İnstagram: @markadoktoru
Bence bu ikisi ülkenin gelişmişliği açısından önemli bir gösterge. İki tip müzik algısı var. Birincisi neden neyi dinlediğini bilmeyenler, bir de müzisyenlerin tarzını kültürünü anlayıp hayat felsefeleri ile dinlemeye çalışanlar. Birincisi zaten pop kültürü olarak düşünmek lazım. Sabun köpüğü şeklinde moda olup ortalama 1 ay sonra unutulan şarkılar ve şarkıcılardan bahsediyorum. Diğerinde ise gerçekten klasikleşen müzik ve müzisyenlerden bahsediyorum.
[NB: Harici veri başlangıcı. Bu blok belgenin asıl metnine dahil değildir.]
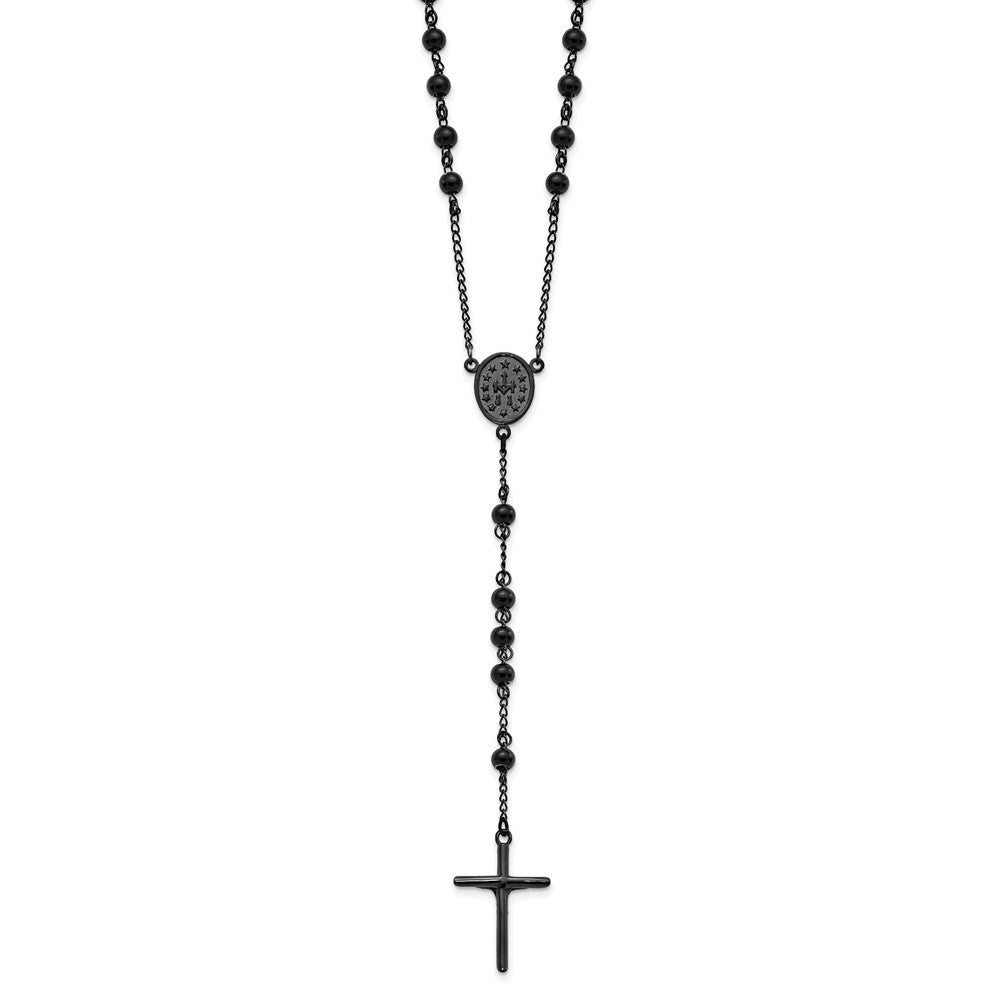 Chisel Stainless Steel Polished Black IP-plated Beaded 30 inch Rosary Necklace SRN2837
80’li yıllarda Efes harabelerinde ‘Joan Baez’ veya ‘Zamfir’ konserlerinde giderken bu kadar kalabalık mı gelmiş diyordum.
Nejat Eczacıbaşı önderliğinde ‘İzmir Kültür Sanat Vakfı’ konserlerinde her zaman nitelikli etkinlikler Efes’de başlamıştır.
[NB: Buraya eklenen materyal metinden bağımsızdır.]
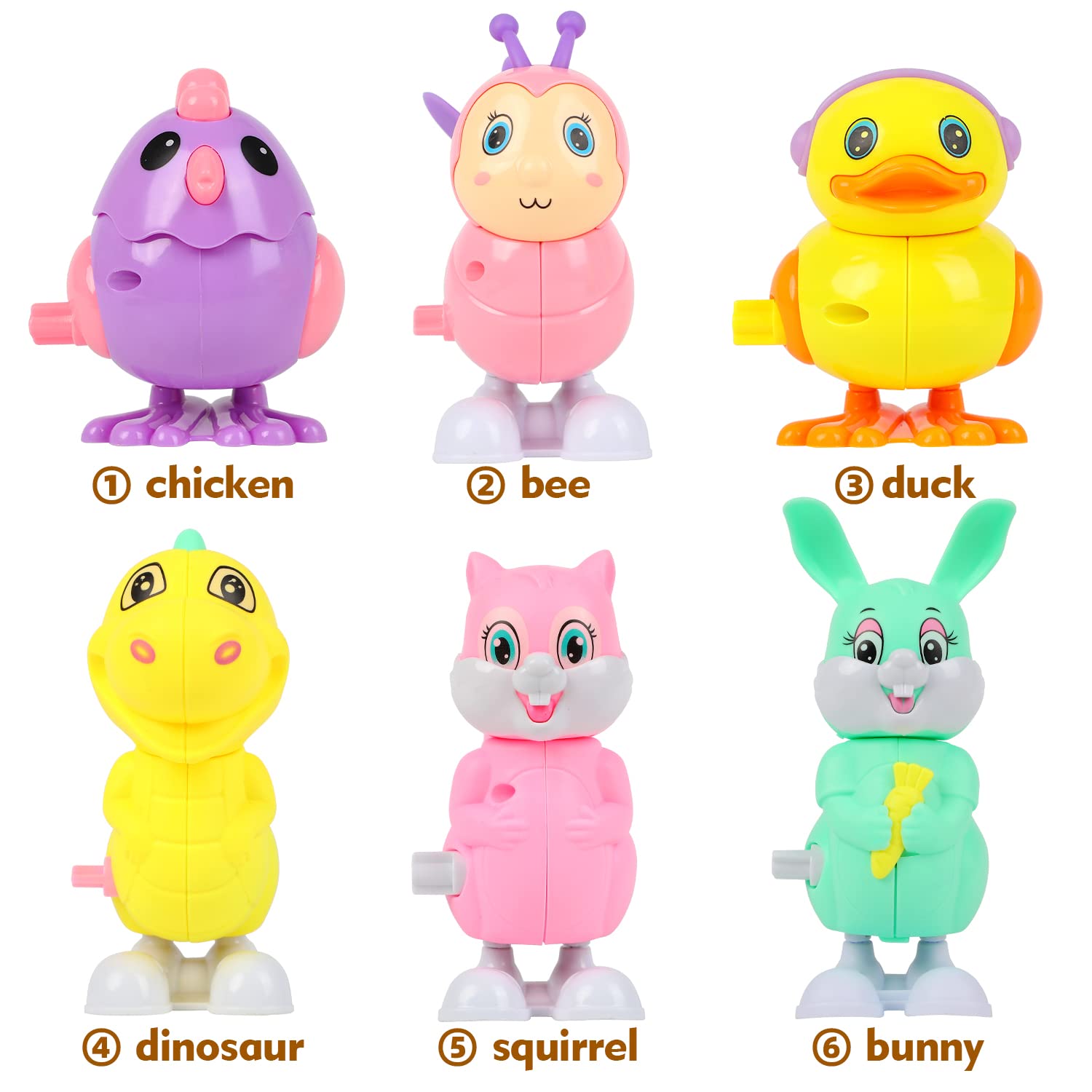 LOKIPA 6PCS Large Easter Wind Up Toys for Kids - Fun Easter Egg Hunt Prizes, Basket Stuffers & Party Favors - Perfect for Easter Decorations & Spring Celebrations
Sonraları ‘Pink Martini’ Çeşme konserinde sevenleri bu kadar mı az demeye başladım.
Life Park Sarıyer konserlerinde hala kalabalık kitle yanımda Okan Bayülgen ile yakışıklı kardeşimiz; Johnny Depp’in ‘Hollywood Vampires’ grubunu da dinlerken nedense bizim yaş grubundan çok az insan buldum.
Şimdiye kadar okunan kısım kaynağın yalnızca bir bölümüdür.